== Records shown
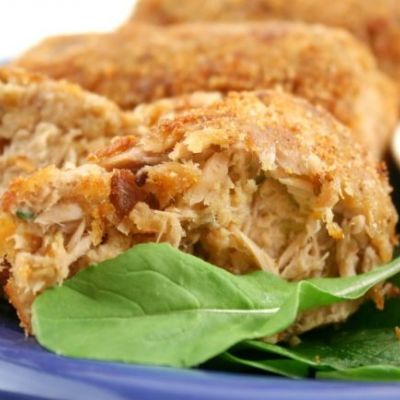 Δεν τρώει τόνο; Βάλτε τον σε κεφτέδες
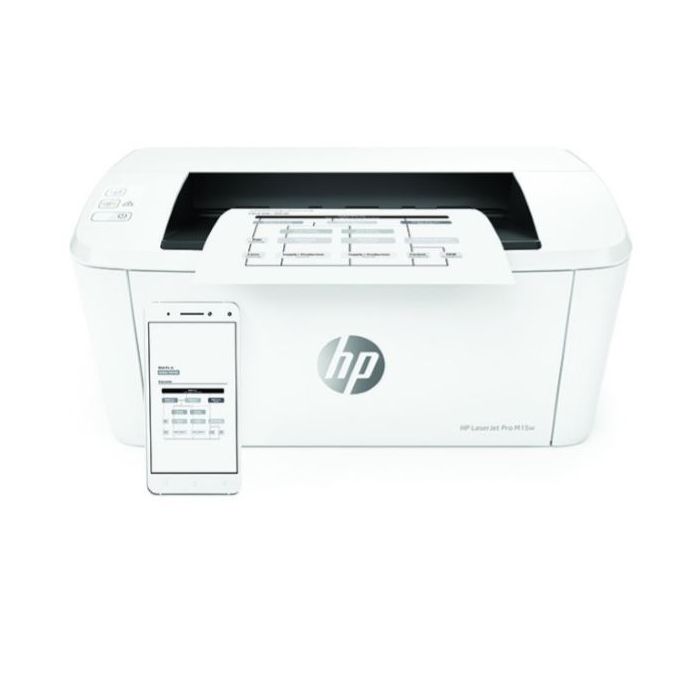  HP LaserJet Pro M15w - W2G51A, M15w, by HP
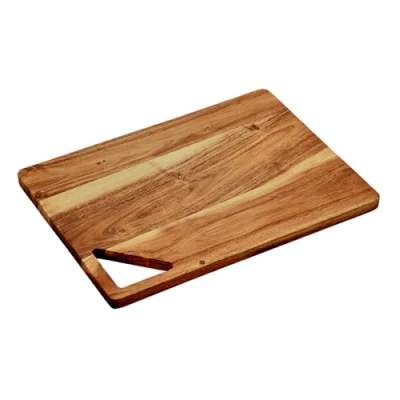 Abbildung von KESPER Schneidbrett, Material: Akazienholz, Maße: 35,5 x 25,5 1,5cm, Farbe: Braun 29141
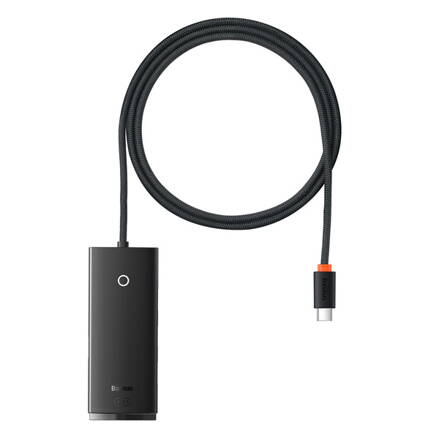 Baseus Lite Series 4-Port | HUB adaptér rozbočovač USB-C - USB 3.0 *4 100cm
====
== Records shown
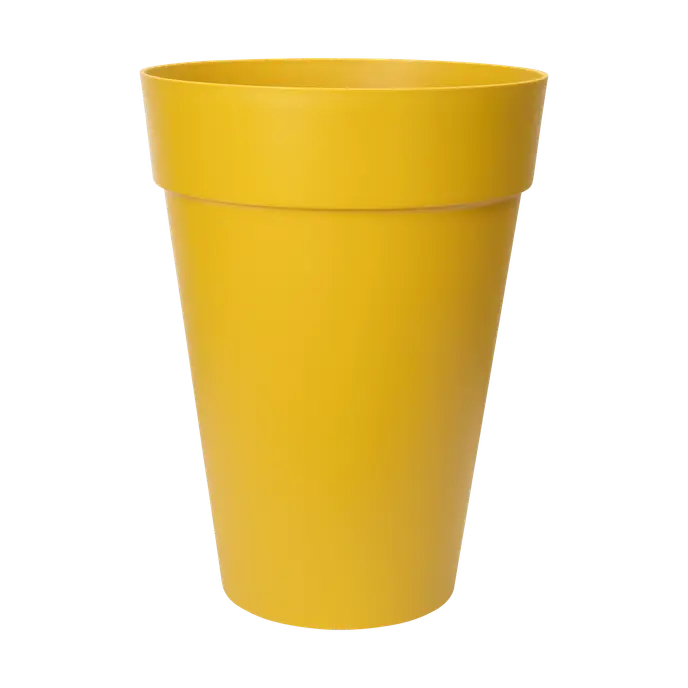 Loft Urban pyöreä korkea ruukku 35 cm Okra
====
== Records shown
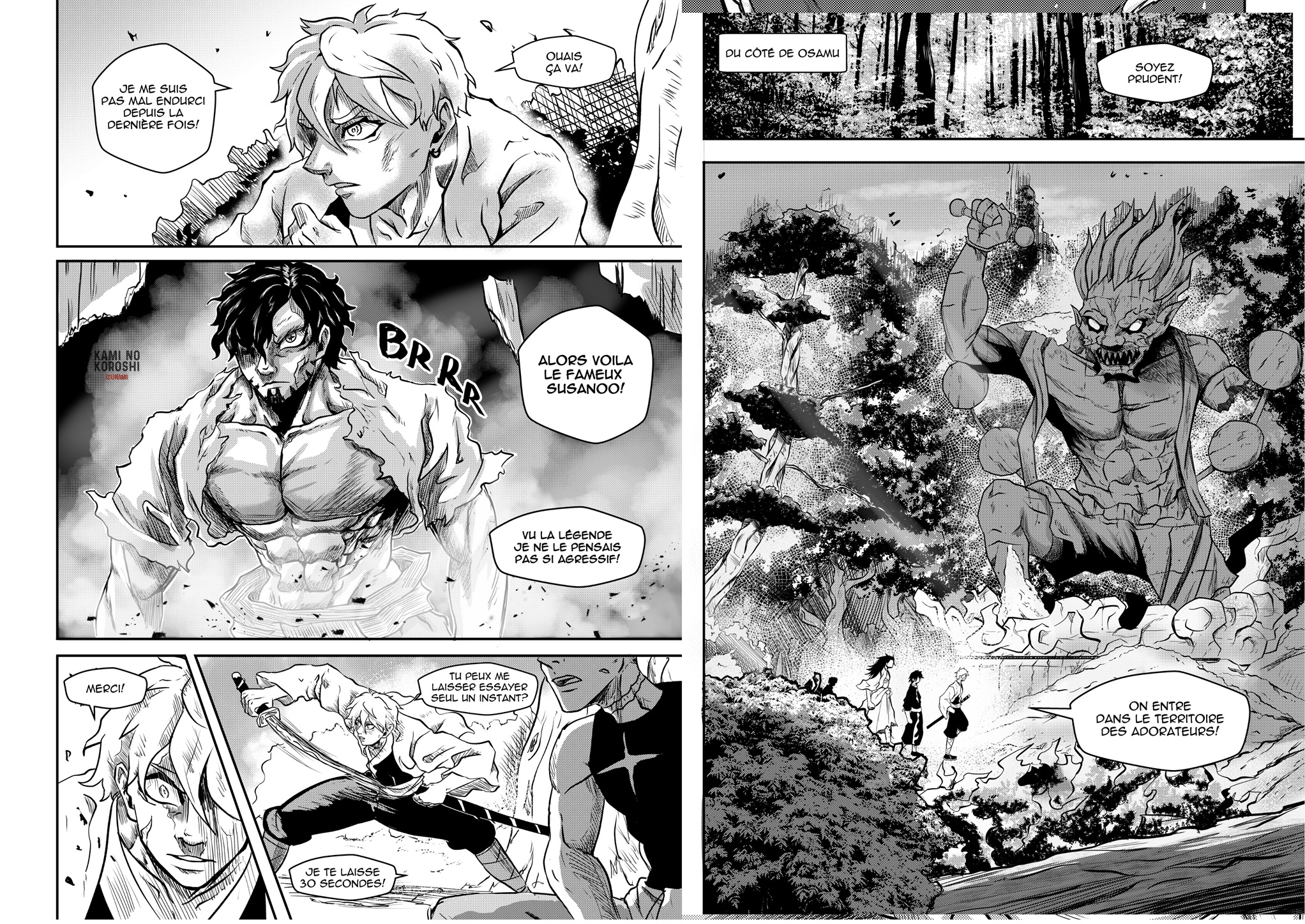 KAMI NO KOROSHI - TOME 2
====
| Your objective |
Although pictures appear among the records above, write out exactly only the lines from the one that has "Δεν τρώει τόνο; Βάλτε τον σε κεφτέδες" through the one that has "Baseus Lite Series", and leave the pictures out.

| Output for this task |
 Δεν τρώει τόνο; Βάλτε τον σε κεφτέδες
  HP LaserJet Pro M15w - W2G51A, M15w, by HP
 Abbildung von KESPER Schneidbrett, Material: Akazienholz, Maße: 35,5 x 25,5 1,5cm, Farbe: Braun 29141
 Baseus Lite Series 4-Port | HUB adaptér rozbočovač USB-C - USB 3.0 *4 100cm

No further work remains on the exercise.